[Supplied information Boundary: Start]

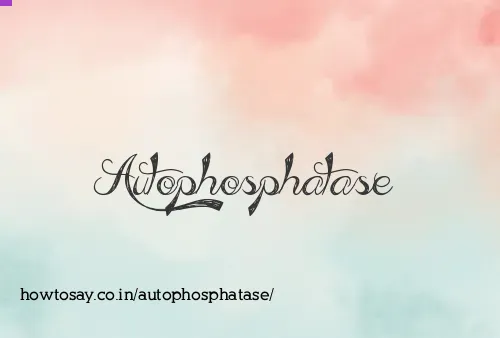 Autophosphatase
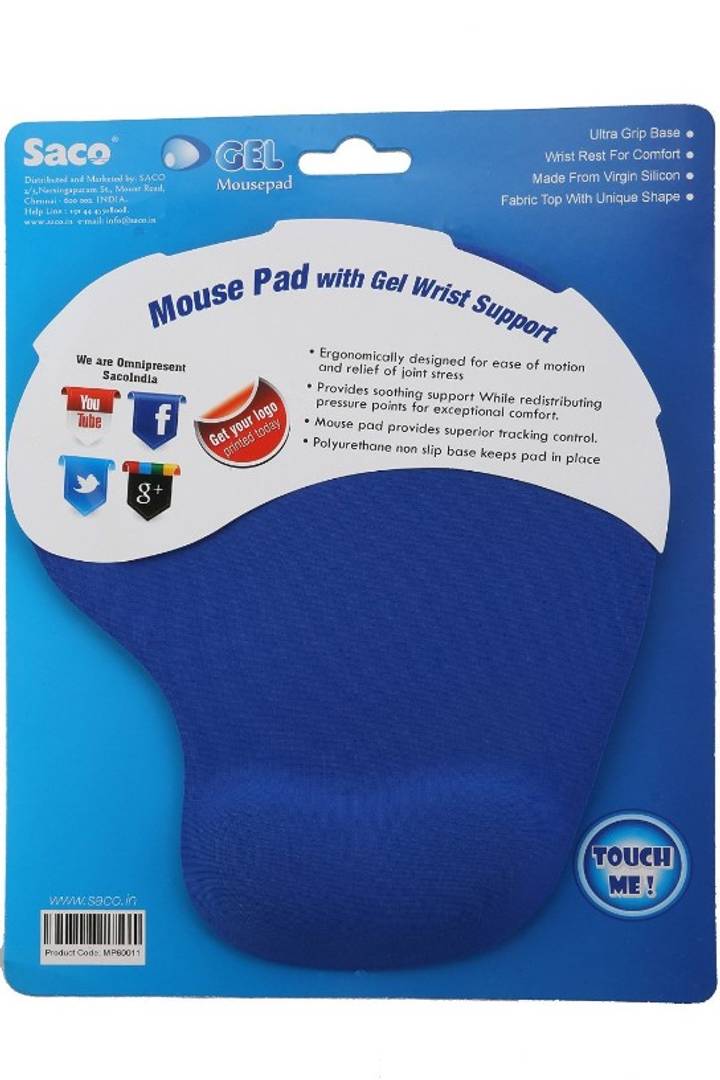 Comfortable Mousepad with Non-Slip PU Base, Pain Relief Mouse Pads for Computers, Laptop, Mac, Home & Office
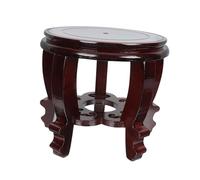 Alasum Socle Bois Haut pour Aquarium Support Décoratif Unique pour Cuve à Poissons Piédestal Artisanal Bois Base Stable Hauteur pour Décoration Intérieure et Cadeau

[Supplied information Boundary: End]

Directions for this task: Every line of the listing should be copied precisely, with images omitted.

Exercise response:
 Autophosphatase
 Comfortable Mousepad with Non-Slip PU Base, Pain Relief Mouse Pads for Computers, Laptop, Mac, Home & Office
 Alasum Socle Bois Haut pour Aquarium Support Décoratif Unique pour Cuve à Poissons Piédestal Artisanal Bois Base Stable Hauteur pour Décoration Intérieure et Cadeau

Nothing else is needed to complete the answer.